Even though Keep Your Home California is new, other mortgage-aid programs predate it. They include the long-criticized Home Affordable Modification Program, or HAMP, which modifies mortgage payments to bring down monthly payments. 

The national program, which started in spring 2009, has counted more than 615,000 trial modifications that have been canceled because homeowners defaulted on their trial payments, because they lacked documentation and for other reasons, based on the most recent data from the U.S. Treasury. Of those 615,000, 27 percent went on to start or complete the foreclosure process. 

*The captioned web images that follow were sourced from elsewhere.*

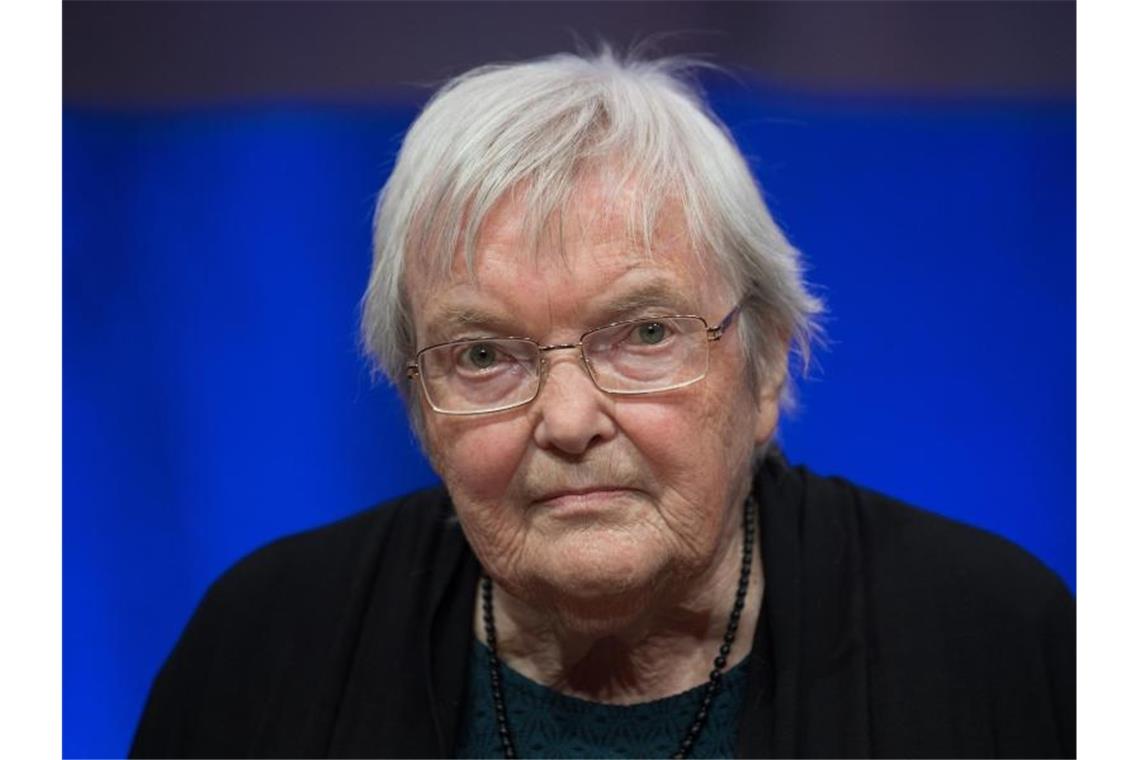 Gudrun Pausewang ist tot. Foto: Arne Dedert/dpa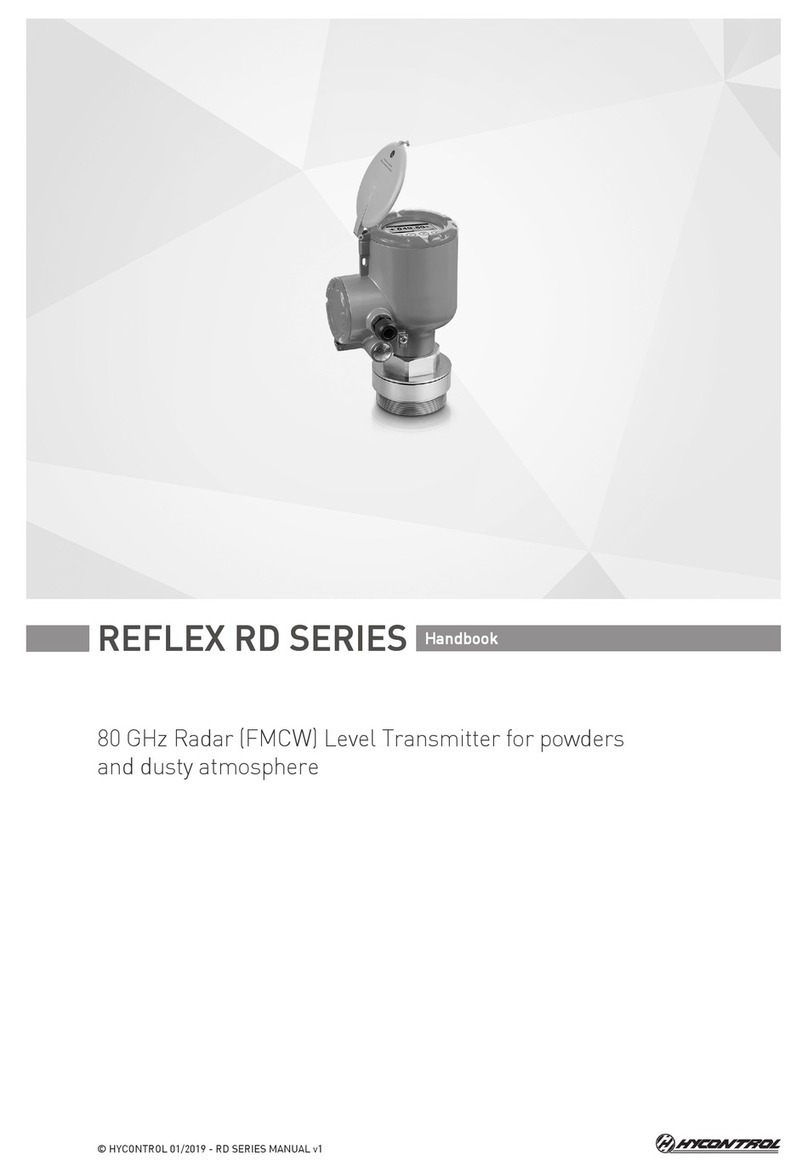 Hycontrol REFLEX RD Series Handbook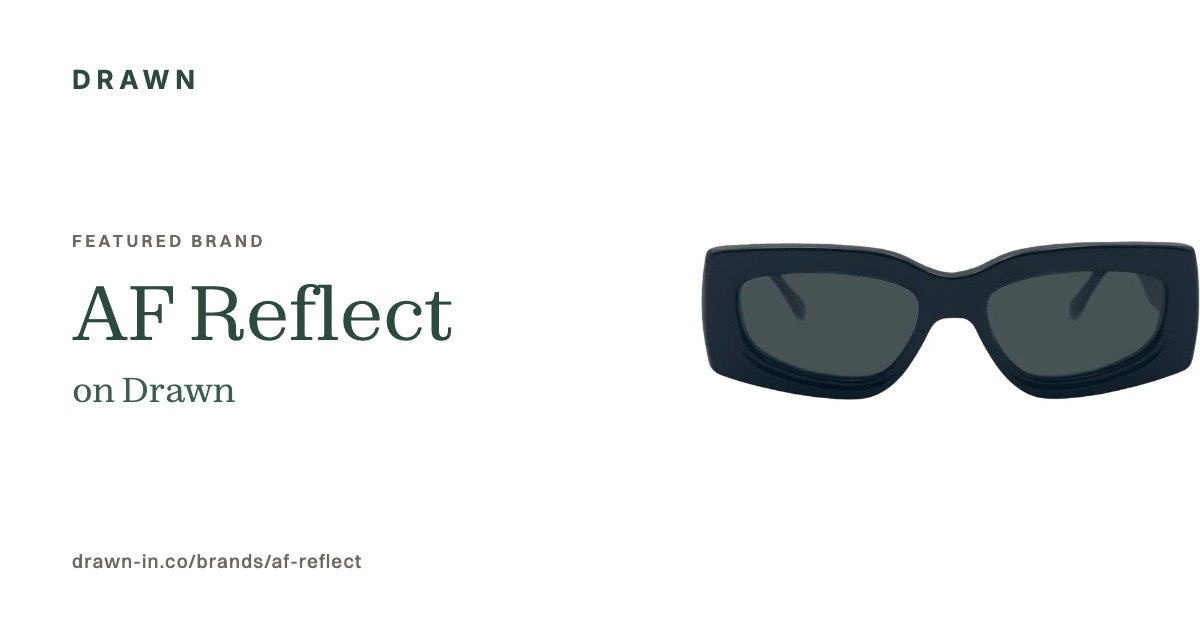AF Reflect | Independent Menswear on Drawn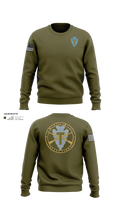 36th Infantry Division A Co 1-141 23724851 Crew Neck Sweatshirt - 21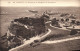 CPA Biarritz Le Rocher De La Vierge Vu Du Semaphore - Biarritz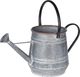 Home Styling Collection Konewka metalowa osłonka doniczka na kwiaty zioła 1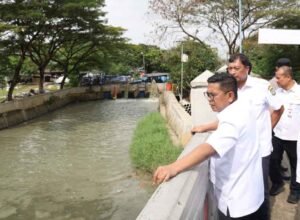 normalisasi situ bulakan di kota tangerang ditargetkan tambah daya tampung air menjadi 600 ribu kubik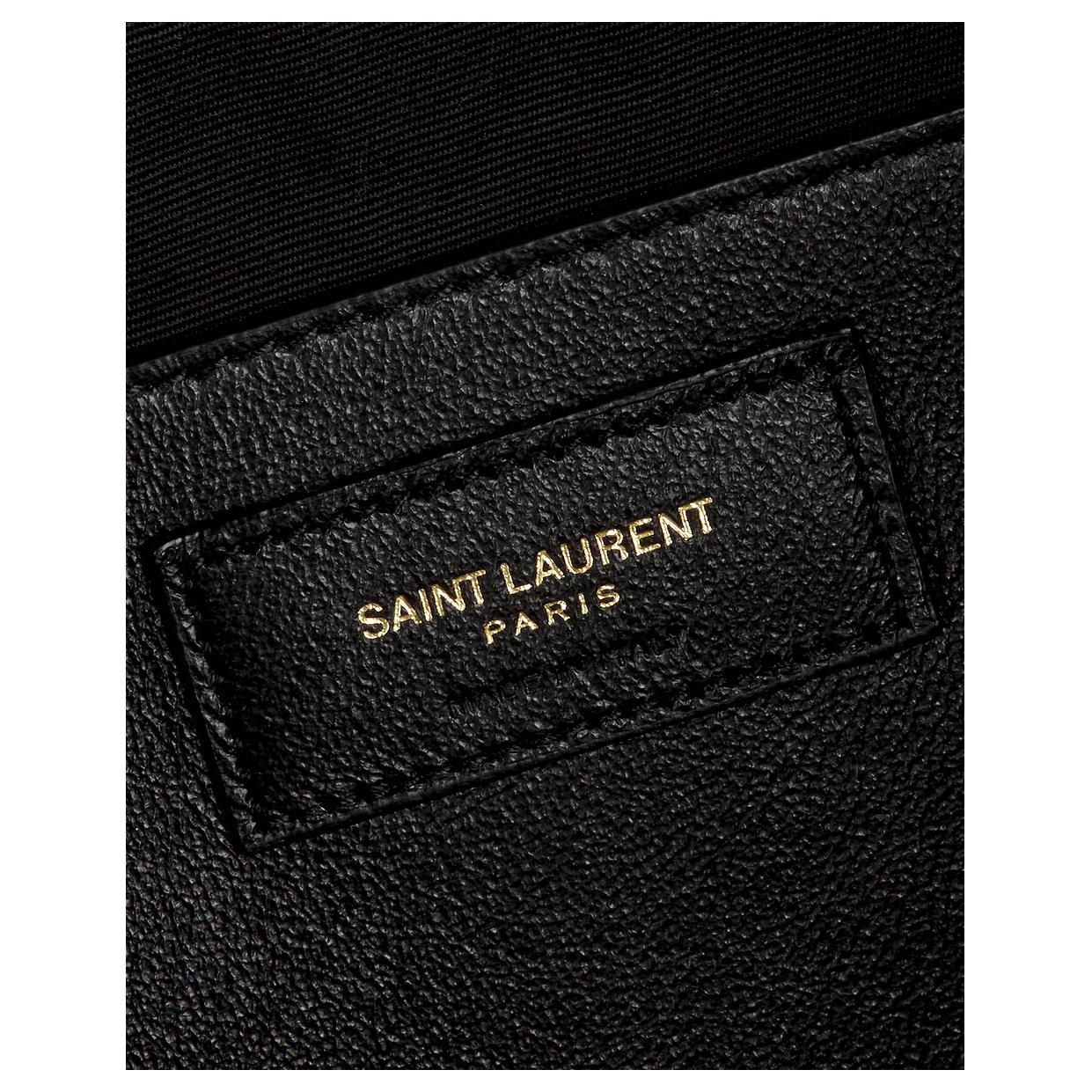 Женская сумка SAINT LAURENT YSL Jamie 4.3 (хаки-зеленая) — фото 7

Homeowners are likely to redefault in such programs, Lea of SDSU said, because some are so under water on their mortgage that they’re beyond saving. Also, a number of borrowers lied to get their loans during the boom years, so they weren’t and still aren’t creditworthy. 

Lea said the principal-reduction portion of Keep Your Home California could have the most potential of the four subprograms but is “best applied on a selective basis.” 

“You need look at the likelihood they’ll be able to make the payment at the new lower level,” he added. “I do think there are people out there … but the problem is, you can’t apply it on a mass basis because it creates a moral hazard.” 

Norm Miller, a real estate professor at University of San Diego, admires that Keep Your Home California counsels troubled homeowners, but he laments the fact that it helps certain borrowers catch up on their defaulted mortgage payments, while others are left behind. 

“It seems to be a lucky windfall gain to some borrowers at the expense of all taxpayers,” Miller said. 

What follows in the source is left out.